Users can tap on an image within a scene to cut out components of the image they love and combine them with other cutouts to create interactive collages of their favorite ideas, all in one place. In addition, users can tap on a cutout within a collage to see its associated products, if available, or the source pin that the object was cutout of. This has the potential to create a flywheel of content creation and engagement, which we’re excited about. In Q4, we rolled out the collage functionality to nearly all iOS users globally. I’m pleased that this feature is now broadly available for our users as cutouts in collages are a new frontier of creation on Pinterest and allow users to express their creativity and taste in even more visually immersive ways.
It also provides us with great first-party signals on what users are interested in, product associations, emerging trends and how we can surface more content and products that are aligned with users’ evolving tastes. And we’re seeing strong early results and positive feedback from our users. They’re finding collage as highly engaging with users three times more likely to save collage pins versus other pins on Pinterest and the majority of collages are created by users who had not previously created a pin. Collage is also skewed heavily towards shoppable content with approximately 75% of collages utilizing a product pin showing the intent our users bring when creating and engaging with content on Pinterest. Moving further down the inspiration to action journey.
We’re enhancing our board functionality to help users better understand and organize their tastes. Boards are an essential part of the curation flywheel on Pinterest and provide us with important signals on user tastes and preferences, which feeds into our recommendation algorithm and further augments our ability to serve relevant content back to our users. In Q4, we launched our first auto organization feature. This feature leverages AI to simplify the Board creation process by automatically grouping similar pins into suggested boards based on what users have saved in the past. For users who generally don’t curate on the platform, this feature resulted in a nearly 30% lift in boards created, highlighting how auto organization can unlock the magic of Pinterest for more users.
Finally, we’re making it easier for users to shift from inspiration to action and shop products they discover on Pinterest.
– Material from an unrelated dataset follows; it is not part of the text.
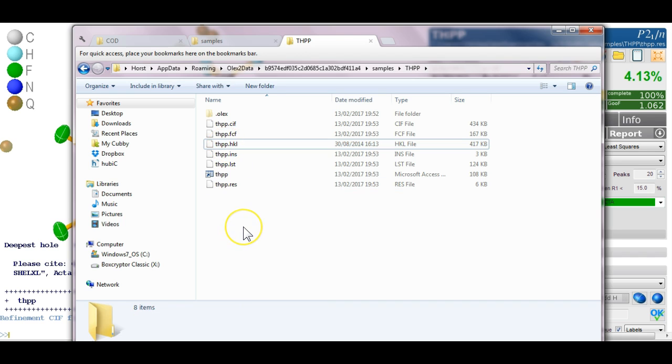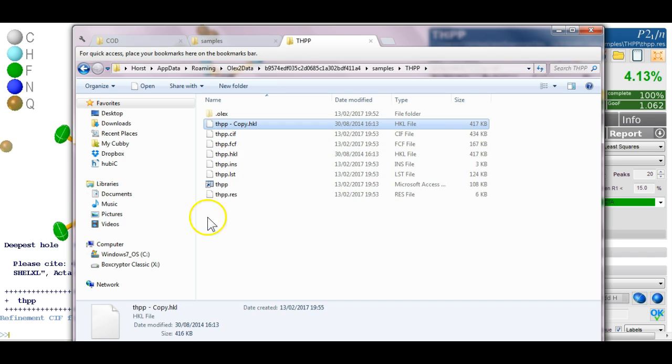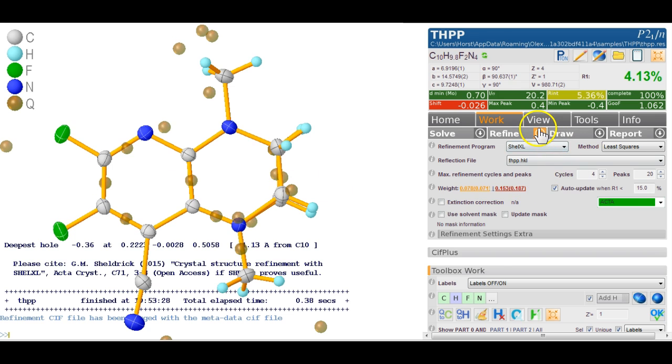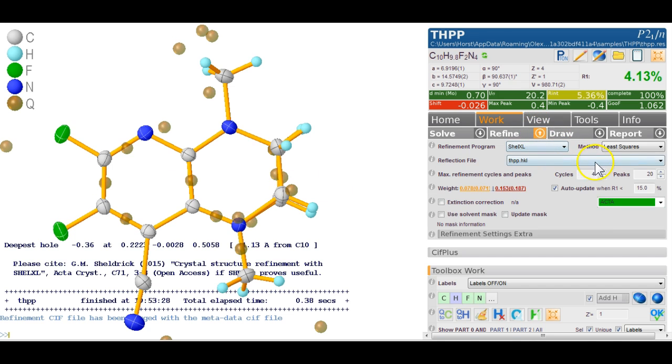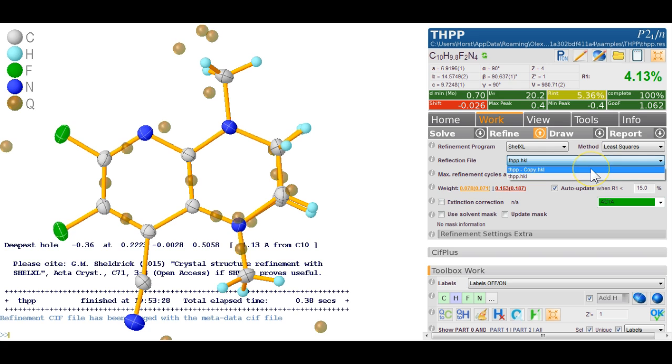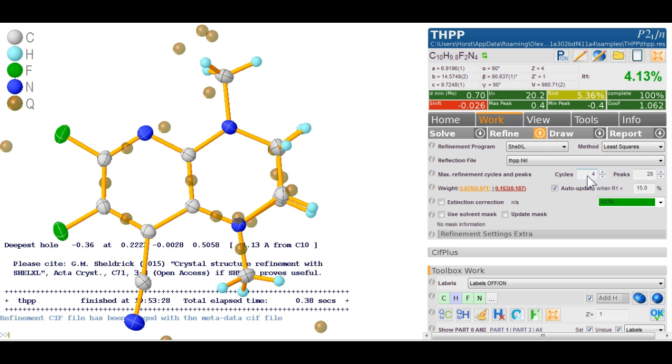And if I now click on the refinement settings I can see that I can either refine against this HKL or that HKL. In this case of course they're identical but you see where I'm going here so you don't have to copy any files manually.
Over the past few quarters, we’ve launched shopping modules that help us further capitalize on our audience who come to Pinterest with intent and improve the shopability of our platform. Last quarter, we discussed a few of these efforts for women’s fashion and home decor categories, including shop the look and guided shopping modules, which surface shoppable product pins based on past saving and clicking history. In Q4, we launched Shop Similar for mobile in the same categories. While Shop the Look is activated when a user clicks on a lifestyle image such as a celebrity wearing the latest outfit trends or a beautifully curated living room, Shop Similar is activated when a user clicks on a shoppable product pin from a merchant catalog.
It then showcases a carousel of similar product pins across a variety of other brands and price points, complementing the feed of related pins below. We’re in the early stages of ramping, and in our experiments, shop similar drove double-digit lift in both outbound clicks and checkouts. I spent the last few moments discussing the key product updates we’ve made across the funnel to help users find the content that inspires them most and take action on it. The billions of intent signals we get from this on-platform, search, click and curation behavior gives us the unique ability to see trends in real time and predict consumer trends for the upcoming year through our annual Pinterest predicts report. We’ve had an 80% success rate in predicting future trends four years in a row.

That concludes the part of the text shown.